C. Review, etc. The Grantee has thoroughly reviewed this Agreement in its
entirety. The Grantee has had an opportunity to obtain the advice of counsel
(other than counsel to the Company or its Affiliates) prior to executing this
Agreement, and fully understands all provisions of the Plan and this Agreement.

D. Investment Representation. The Grantee hereby represents and covenants that
(a) any Shares acquired upon the vesting of the Award will be acquired for
investment and not with a view to the distribution thereof within the meaning of
the Securities Act of 1933, as amended (the “Securities Act”), unless such
acquisition has been registered under the Securities Act and any applicable
state securities laws; (b) any subsequent sale of any such Shares shall be made
either pursuant to an effective registration statement under the Securities Act
and any applicable state securities laws, or pursuant to an exemption from
registration under the Securities Act and such state securities laws; and (c) if
requested by the Company, the Grantee shall submit a written statement, in form
satisfactory to the Company, to the effect that such representation (x) is true
and correct as of the date of vesting of any Shares hereunder or (y) is true and
correct as of the date of any sale of any such Share, as applicable. As a
further condition precedent to the delivery to the Grantee of any Shares subject
to the Award, the Grantee shall comply with all regulations and requirements of
any regulatory authority having control of or supervision over the issuance or
delivery of the shares and, in connection therewith, shall execute any documents
which the Company’s Board of Directors shall in its sole discretion deem
necessary or advisable.

9. Company Representations.

A. Authorization. The Company has full legal capacity, power, and authority to
execute and deliver this Agreement and to perform the Company’s obligations
hereunder. This Agreement has been duly executed and delivered by the Company
and is the legal, valid, and binding obligation of the Company enforceable
against the Company in accordance with the terms hereof.

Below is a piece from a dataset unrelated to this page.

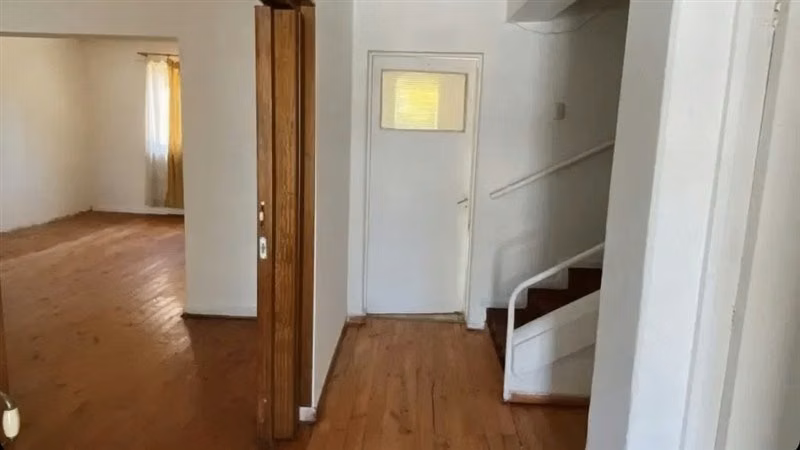 Casa en venta de 4 dorm. Muy central a pasos de la alameda - Imagen 3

B. No Conflicts. The execution, delivery, and performance by the Company of this
Agreement and the consummation by the Company of the transactions contemplated
hereby will not, with or without the giving of notice or lapse of time, or both
(i) violate any provision of law, statute, rule or regulation to which the
Company is subject, (ii) violate any order, judgment or decree applicable to the
Company, or (iii) conflict with, or result in a breach of default under, any
term or condition of any agreement or other instrument to which the Company is a
party or by which the Company is bound.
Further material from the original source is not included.